Re: [PATCH RESEND] sched: prefer an idle cpu vs an idle sibling for BALANCE_WAKE
From: Mike Galbraith
Date: Wed Jun 03 2015 - 12:53:17 EST
On Wed, 2015-06-03 at 11:57 -0400, Josef Bacik wrote:
> On 06/03/2015 11:30 AM, Mike Galbraith wrote:
> > On Wed, 2015-06-03 at 16:24 +0200, Peter Zijlstra wrote:
> >> On Wed, 2015-06-03 at 10:12 -0400, Rik van Riel wrote:
> >>
> >>> There is a policy vs mechanism thing here. Ingo and Peter
> >>> are worried about the overhead in the mechanism of finding
> >>> an idle CPU. Your measurements show that the policy of
> >>> finding an idle CPU is the correct one.
> >>
> >> For his workload; I'm sure I can find a workload where it hurts.
> >>
> >> In fact, I'm fairly sure Mike knows one from the top of his head, seeing
> >> how he's the one playing about trying to shrink that idle search :-)
> >
> > Like anything where scheduling latency doesn't heavily dominate. Even
> > if searching were free, bounces aren't, even for the very light.
> >
>
> If scheduling latency doesn't hurt then making the search shouldn't
> matter should it? I get that migrations aren't free, but it seems like
> they can't hurt that much.
Nah, they don't hurt much :)
commit e0a79f529d5ba2507486d498b25da40911d95cf6
Author: Mike Galbraith <bitbucket@xxxxxxxxx>
Date: Mon Jan 28 12:19:25 2013 +0100
sched: Fix select_idle_sibling() bouncing cow syndrome
If the previous CPU is cache affine and idle, select it.

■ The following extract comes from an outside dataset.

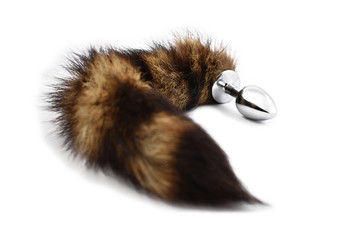 Anal plug animal tail stock photo images. Anal tail isolated on a white background. Erotic toy stock images. Adult sex toy. Butt anal plug stock images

The current implementation simply traverses the sd_llc domain,
taking the first idle CPU encountered, which walks buddy pairs
hand in hand over the package, inflicting excruciating pain.
1 tbench pair (worst case) in a 10 core + SMT package:
pre 15.22 MB/sec 1 procs
post 252.01 MB/sec 1 procs
> This application is huge, it's our
> webserver, we're doing like 400 requests per second on these things, and
> hands down moving stuff to idle cpus is beating the pants off of staying
> on the same cpu. Is there a specific workload I could build a test for
> that you think this approach would hurt? Thanks,
Search cost hurts fast movers, as does dragging even a small footprint
all over the place, as you can see above.